Recipes
Thai Pumpkin Curry Soup
Yay for pumpkin season! It’s the inspiration behind the pumpkin spice latte craze, of course, but pumpkin — real pumpkin, that is — offers so much more!
Pumpkin delivers powerful nutrients such as beta-carotene, which the body then uses to make Vitamin A — an important antioxidant that helps counteract free radicals in our skin. In other words, optimal levels of vitamin A can help prevent wrinkles, and keep our skin looking as youthful as possible.
Pumpkin is also high in Vitamin C, which comes in real handy during cold-and-flu season.

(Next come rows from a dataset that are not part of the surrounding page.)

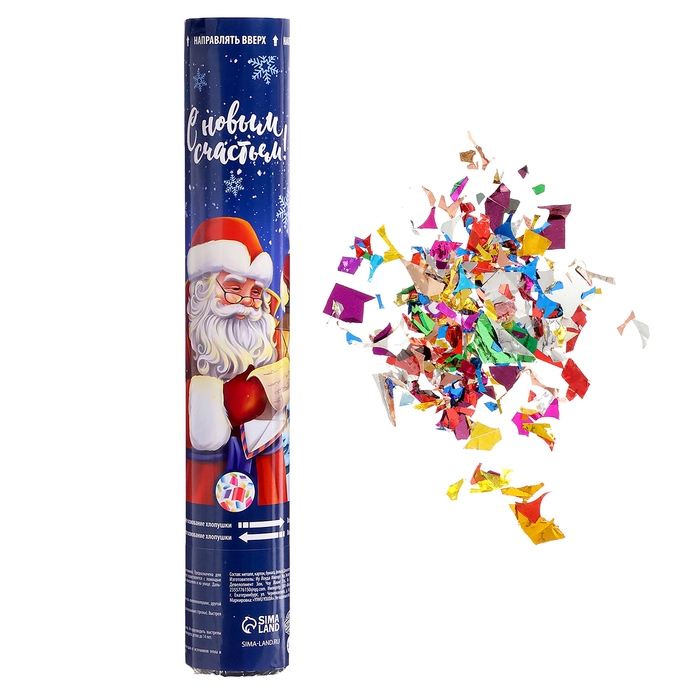 Новогодняя хлопушка пневматическая «Дед Мороз», 30 см, на новый год Новогодняя хлопушка пневматическая «Дед Мороз», 30 см, на новый год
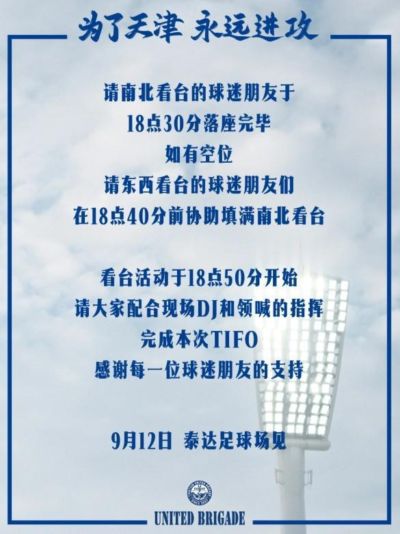 保级关键战，津门虎主场战铁人赛前南北看台将展示拼图TIFO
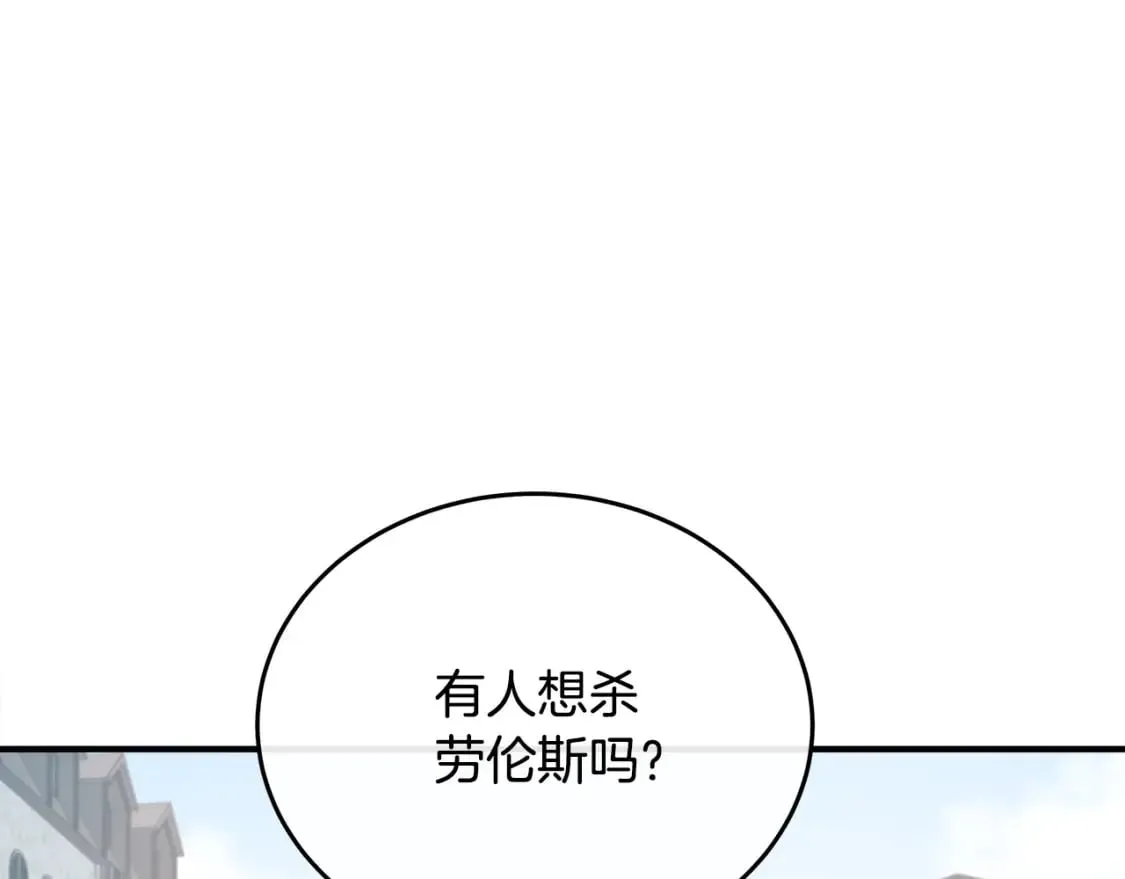 第125话 打响舆论战！ 第165页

For this recipe, pumpkin lends a creamy, lush quality to a spicy and satisfying soup. It’s one of the most popular recipes featured in my Camp Kale nutrition and lifestyle program.
Serves 4.
Ingredients
- 1 tablespoon organic coconut oil or ghee
- 1 yellow onion, diced
- 3-4 garlic cloves, minced
- 1-2 tablespoons red curry paste (note: curry pastes offer a wide variety of heat — start with a small amount if you're not sure... you can always add more!)
- 1 tablespoon freshly grated ginger
- 1 teaspoon ground turmeric
- 2 cans of organic pumpkin purée (unsweetened)
- 1 tablespoon coconut aminos (this is a low-sodium, low-glycemic ingredient made from coconut sap. I use it instead of the traditional fish sauce found in Thai cuisine)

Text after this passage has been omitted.